Los espectadores del Carnegie Hall sabían que la verdadera prueba para la orquesta llegaría tras el descanso. El resultado no decepcionó.
Valery Gergiev se lanzó desde el comienzo de la Séptima de Bruckner a la exploración sonora, más allá de los tempi. El ruso espesaba la línea hasta crear una atmósfera saturada de acentos, capaz de desasosegar y fascinar a partes iguales. Estábamos ante el Bruckner más puro, en el que las capas orquestales se disponen en regular mosaico, sin difuminarse ni contaminar unas a otras. A ese orden se unía el detalle en el gesto del director: fijando alfileres invisibles con su mano derecha, de los que los músicos colgaban frases tersas y redondas; mientras que con la izquierda corregía, subrayaba, censuraba.

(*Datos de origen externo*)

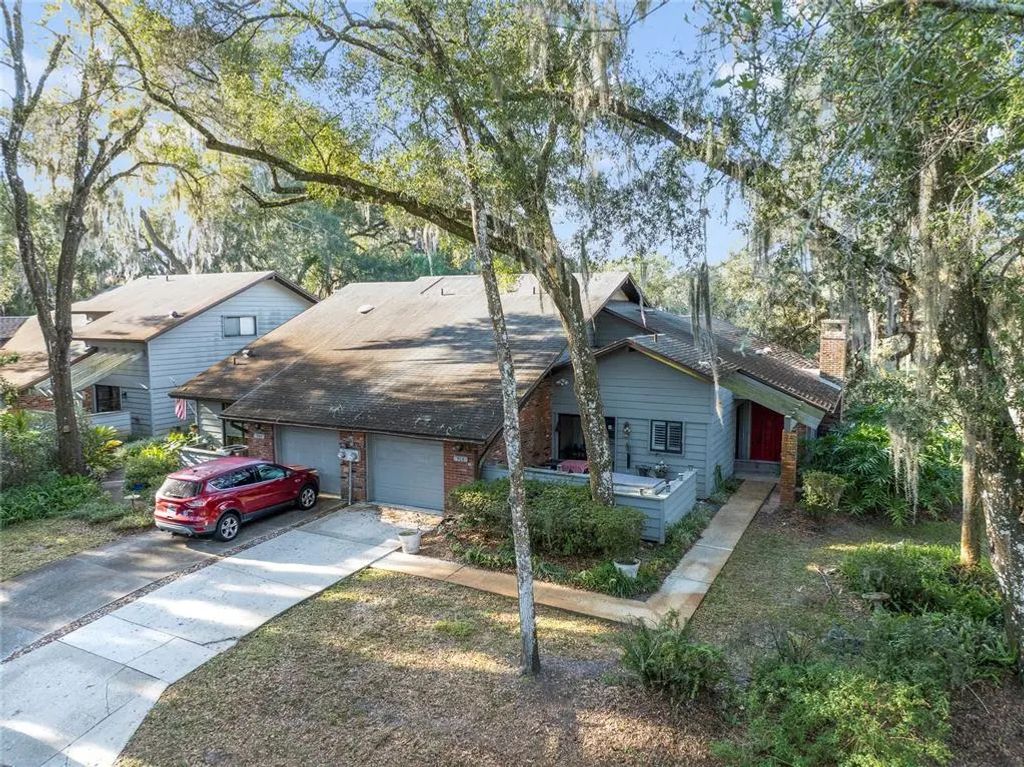 906 Village Green Road, DELAND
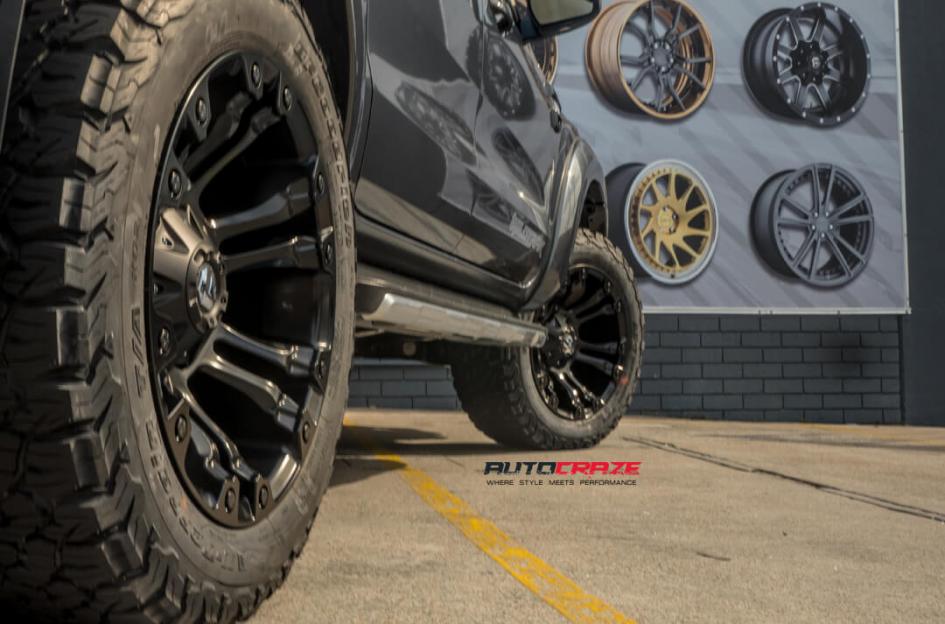 FORD-RANGER-VAPOR-MATTE-BLACK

En el segundo movimiento, adagio, con el acento perfecto y una dosis justa de almíbar, la orquesta recitaba los embrujos de Bruckner. Gergiev optó por abandonarse a la melodía, sin perder orden ni limpieza en la línea orquestal; si bien esta aparecía desnuda, corita de adorno, como desolada ante la belleza de la partitura.
En el tercer movimiento, Gergiev parecía elevado en el altar montuno de los mejores directores. El maestro pedía, y los músicos acudían al reclamo. El sonido parecía ensancharse sin límite. No había efectismos; todo era causalidad, mimbre fino, irresistible pulsión melódica. El finale, acaso como corolario alucinado, sonó delicadísimo, con elegancia germana y pasión eslava. Los vientos no perdían su aire de danza y las cuerdas volaban siguiendo el gesto preciso de Gergiev; y, entrambos pusieron el sello de la monumentalidad bruckneriana.
La Filarmónica de Múnich, con Valery Gergiev al frente, supo pues aprovechar su innegable dominio de la partitura, que recogen, trituran y sintetizan en una presentación brillante que será recordada en Nueva York largo tiempo.